# Baseline scan - delay in AF



## mammamia12 (Feb 1, 2010)

Hi everyone,  

Firstly let me say a big 'hello' to all you lovely ladies on here - I recognise a few names and am glad to see we are all hanging in there giving it another go!!!  

After an early m/c in Feb I've just started sniffing in preperation for a medicated FET   .  I promised myself that I wasn't going to let this take over my life as it usually does, therefore I decided not to visit FF as I usually end up sitting around all day thinking constantly about what's going on in my body...this time I'm trying to avoid doing that so haven't been on for a while...anyway, as you know, questions crop up and there is no better people to ask than the ladies on here, so here I am........

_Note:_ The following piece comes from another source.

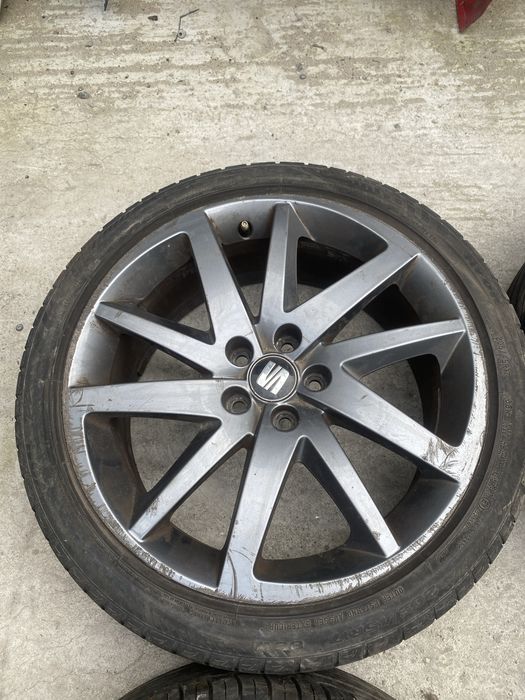 Jante Aliaj R17 Seat Ibiza 2012+Anvelope 205/45 R17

Well, basically I started sniffing 4 times on 7th April (day 21).  I got a positive on my opk on 13th April but as yet still no period.......I've got my baseline scan booked for next tuesday and I'm worried that my period won't have arrived yet.  Has this happened to anyone else? If so, what did you end up doing?

Many Thanks

Mamma x


----------



## ☼♥ Minxy ♥☼ © (Jan 13, 2005)

Hi there

I've not had medicated FET, only natural FET and our clinic don't use OPKs only scans but thought I'd try and answer your question anyway 

If you got a +ve OPK on 13 April then you would've/should've ovulated around 36hrs later (but can be anywhere between 12-48hrs)...so that would've been around 15 April....as it's only 26 April today you'd be approx 11dpo today....so possibly a little early to be expecting AF, even if you have the "average" 14 day luteal phase.

Also, if you're "sniffing" are you using Synarel ?  The downreg drugs, just as with IVF, may delay AF for a few days.

If your baseline scan isn't until next Tuesday then you've got over a week so personally I don't think you've need to start fretting just yet   On one of my IVFs (think it may even have been the first one, can't remember exactly now!), my AF was on time but it actually arrived the day before my baseline scan...I was concerned that womb lining wouldn't have shed properly and everything shutdown in time but had my baseline (admittedly not the most pleasant of experiences as it was cd2) and everythnig was absolutely fine.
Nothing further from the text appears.